§ Records from a collection:
──────────

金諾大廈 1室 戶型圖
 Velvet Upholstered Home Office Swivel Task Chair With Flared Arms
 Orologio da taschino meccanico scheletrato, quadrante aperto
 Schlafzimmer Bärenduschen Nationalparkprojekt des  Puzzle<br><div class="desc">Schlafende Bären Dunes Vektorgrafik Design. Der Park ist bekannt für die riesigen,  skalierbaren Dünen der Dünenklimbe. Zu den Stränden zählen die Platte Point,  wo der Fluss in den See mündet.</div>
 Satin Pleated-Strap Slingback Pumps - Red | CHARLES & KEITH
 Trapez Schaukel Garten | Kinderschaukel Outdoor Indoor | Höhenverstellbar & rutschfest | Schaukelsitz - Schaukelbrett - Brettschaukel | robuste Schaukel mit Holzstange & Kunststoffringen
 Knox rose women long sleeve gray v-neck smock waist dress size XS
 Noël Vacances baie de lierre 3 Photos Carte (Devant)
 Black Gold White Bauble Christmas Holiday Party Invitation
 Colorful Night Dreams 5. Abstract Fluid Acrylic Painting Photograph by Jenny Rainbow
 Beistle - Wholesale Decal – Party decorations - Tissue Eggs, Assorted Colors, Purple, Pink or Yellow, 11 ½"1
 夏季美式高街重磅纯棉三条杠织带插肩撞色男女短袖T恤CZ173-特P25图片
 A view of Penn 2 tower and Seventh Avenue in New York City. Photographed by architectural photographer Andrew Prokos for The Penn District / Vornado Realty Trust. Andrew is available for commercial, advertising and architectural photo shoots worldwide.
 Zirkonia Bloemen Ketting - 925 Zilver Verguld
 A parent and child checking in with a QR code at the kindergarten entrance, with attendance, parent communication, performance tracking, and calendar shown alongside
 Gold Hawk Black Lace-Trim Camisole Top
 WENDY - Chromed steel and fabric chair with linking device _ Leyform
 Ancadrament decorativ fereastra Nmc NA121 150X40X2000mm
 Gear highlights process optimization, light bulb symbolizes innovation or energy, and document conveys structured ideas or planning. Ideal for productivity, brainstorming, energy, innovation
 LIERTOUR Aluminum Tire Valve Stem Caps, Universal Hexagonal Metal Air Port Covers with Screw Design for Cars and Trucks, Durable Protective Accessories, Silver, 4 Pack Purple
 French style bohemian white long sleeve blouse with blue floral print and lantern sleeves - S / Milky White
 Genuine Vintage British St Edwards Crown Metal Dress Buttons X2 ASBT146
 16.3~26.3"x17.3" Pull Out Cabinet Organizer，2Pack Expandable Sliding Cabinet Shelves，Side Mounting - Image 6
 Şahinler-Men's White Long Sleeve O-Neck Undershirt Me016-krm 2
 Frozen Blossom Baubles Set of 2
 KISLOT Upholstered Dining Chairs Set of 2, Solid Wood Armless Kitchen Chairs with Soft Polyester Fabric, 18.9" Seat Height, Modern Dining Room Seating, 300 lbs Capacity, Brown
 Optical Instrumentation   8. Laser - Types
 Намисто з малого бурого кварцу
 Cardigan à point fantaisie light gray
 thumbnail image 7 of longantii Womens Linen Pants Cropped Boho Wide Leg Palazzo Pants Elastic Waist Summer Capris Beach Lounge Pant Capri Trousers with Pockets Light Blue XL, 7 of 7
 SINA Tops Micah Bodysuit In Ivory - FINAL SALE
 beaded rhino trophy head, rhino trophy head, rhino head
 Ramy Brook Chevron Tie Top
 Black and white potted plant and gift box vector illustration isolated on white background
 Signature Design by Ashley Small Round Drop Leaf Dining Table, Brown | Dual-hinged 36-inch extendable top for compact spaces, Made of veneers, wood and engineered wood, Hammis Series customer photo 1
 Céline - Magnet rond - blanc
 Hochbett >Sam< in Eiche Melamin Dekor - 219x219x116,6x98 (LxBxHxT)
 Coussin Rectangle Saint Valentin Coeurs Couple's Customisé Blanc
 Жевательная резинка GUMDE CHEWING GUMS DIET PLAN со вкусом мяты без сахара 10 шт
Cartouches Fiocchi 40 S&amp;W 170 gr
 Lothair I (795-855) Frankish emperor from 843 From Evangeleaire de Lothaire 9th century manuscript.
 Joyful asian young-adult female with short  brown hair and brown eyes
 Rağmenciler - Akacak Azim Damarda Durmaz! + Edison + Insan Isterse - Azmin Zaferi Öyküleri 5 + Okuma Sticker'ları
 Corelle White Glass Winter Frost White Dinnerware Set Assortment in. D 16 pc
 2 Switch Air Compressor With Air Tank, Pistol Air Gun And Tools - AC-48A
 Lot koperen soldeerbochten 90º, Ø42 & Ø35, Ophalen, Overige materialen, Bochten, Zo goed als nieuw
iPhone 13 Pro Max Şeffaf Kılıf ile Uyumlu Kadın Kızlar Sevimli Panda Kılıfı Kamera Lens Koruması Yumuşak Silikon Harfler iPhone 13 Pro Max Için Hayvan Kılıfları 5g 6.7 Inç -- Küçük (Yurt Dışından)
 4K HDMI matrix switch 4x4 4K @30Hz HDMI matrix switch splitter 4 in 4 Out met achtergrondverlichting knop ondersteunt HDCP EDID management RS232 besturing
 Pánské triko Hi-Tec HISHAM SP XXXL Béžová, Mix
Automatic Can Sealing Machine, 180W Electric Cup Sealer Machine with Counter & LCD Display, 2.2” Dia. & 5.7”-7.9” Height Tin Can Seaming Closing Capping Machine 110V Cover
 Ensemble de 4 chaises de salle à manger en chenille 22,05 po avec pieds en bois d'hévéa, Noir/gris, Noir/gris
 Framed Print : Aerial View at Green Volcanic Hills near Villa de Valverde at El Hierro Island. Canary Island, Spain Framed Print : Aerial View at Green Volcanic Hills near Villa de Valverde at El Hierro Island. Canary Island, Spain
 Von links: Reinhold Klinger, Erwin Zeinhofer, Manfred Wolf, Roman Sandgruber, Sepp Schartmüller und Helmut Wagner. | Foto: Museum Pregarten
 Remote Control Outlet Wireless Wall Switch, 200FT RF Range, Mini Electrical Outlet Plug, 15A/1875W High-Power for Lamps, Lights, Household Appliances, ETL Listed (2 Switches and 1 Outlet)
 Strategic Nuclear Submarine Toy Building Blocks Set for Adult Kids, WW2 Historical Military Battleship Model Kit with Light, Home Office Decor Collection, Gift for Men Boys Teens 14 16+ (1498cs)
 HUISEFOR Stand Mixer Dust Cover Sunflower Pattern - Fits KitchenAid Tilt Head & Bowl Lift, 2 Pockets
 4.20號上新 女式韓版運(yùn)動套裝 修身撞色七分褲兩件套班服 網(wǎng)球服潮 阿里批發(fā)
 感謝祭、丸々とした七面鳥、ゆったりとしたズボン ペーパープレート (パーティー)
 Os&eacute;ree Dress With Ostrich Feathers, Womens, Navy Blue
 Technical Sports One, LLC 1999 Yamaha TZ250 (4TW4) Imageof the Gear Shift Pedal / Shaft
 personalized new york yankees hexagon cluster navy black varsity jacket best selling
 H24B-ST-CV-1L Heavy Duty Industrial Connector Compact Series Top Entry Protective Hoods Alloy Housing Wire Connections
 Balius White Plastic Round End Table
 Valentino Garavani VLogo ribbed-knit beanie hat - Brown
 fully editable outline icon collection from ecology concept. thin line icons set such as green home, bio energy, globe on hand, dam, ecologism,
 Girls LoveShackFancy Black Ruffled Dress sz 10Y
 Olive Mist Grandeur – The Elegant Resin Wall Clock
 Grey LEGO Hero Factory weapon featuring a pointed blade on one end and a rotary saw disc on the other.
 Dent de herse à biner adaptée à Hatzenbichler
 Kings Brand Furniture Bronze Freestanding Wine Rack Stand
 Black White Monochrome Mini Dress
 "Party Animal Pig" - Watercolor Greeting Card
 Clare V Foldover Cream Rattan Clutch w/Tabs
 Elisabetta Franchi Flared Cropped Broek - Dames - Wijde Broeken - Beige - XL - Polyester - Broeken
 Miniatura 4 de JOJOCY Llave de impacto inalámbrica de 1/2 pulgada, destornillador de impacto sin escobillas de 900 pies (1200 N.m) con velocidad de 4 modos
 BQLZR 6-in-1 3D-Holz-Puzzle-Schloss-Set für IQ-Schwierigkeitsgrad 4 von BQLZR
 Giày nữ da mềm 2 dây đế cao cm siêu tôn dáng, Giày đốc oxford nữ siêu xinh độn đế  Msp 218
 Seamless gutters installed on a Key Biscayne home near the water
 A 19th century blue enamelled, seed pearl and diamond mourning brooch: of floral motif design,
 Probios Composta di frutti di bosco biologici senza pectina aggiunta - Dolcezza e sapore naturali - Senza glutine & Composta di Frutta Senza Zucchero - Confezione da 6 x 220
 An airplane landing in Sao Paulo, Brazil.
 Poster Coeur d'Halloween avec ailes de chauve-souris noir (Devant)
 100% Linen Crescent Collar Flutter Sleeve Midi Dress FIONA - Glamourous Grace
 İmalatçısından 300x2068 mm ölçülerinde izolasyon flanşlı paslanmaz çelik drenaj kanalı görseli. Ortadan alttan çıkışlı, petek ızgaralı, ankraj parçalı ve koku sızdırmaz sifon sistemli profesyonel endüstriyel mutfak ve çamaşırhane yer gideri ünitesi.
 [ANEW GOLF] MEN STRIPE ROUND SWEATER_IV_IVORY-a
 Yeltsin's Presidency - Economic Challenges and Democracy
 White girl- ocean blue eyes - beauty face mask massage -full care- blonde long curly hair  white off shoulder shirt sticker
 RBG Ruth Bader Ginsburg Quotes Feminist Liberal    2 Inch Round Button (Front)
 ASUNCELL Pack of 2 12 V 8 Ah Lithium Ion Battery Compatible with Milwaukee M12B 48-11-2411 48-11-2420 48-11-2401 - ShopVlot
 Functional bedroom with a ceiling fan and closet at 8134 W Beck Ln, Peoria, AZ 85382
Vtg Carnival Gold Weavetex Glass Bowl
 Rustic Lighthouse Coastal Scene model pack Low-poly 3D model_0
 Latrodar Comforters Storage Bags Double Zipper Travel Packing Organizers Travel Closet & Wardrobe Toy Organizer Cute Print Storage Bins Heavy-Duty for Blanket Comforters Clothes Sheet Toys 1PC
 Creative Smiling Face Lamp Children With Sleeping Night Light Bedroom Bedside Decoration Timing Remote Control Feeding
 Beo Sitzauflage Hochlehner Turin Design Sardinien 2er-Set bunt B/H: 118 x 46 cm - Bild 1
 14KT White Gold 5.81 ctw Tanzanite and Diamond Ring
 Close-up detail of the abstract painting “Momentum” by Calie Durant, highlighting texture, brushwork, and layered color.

──────────

§ Exercise directions: Where a line of the data holds the word "Night", copy that line.

§ Worked solution:
 Colorful Night Dreams 5. Abstract Fluid Acrylic Painting Photograph by Jenny Rainbow
 Creative Smiling Face Lamp Children With Sleeping Night Light Bedroom Bedside Decoration Timing Remote Control Feeding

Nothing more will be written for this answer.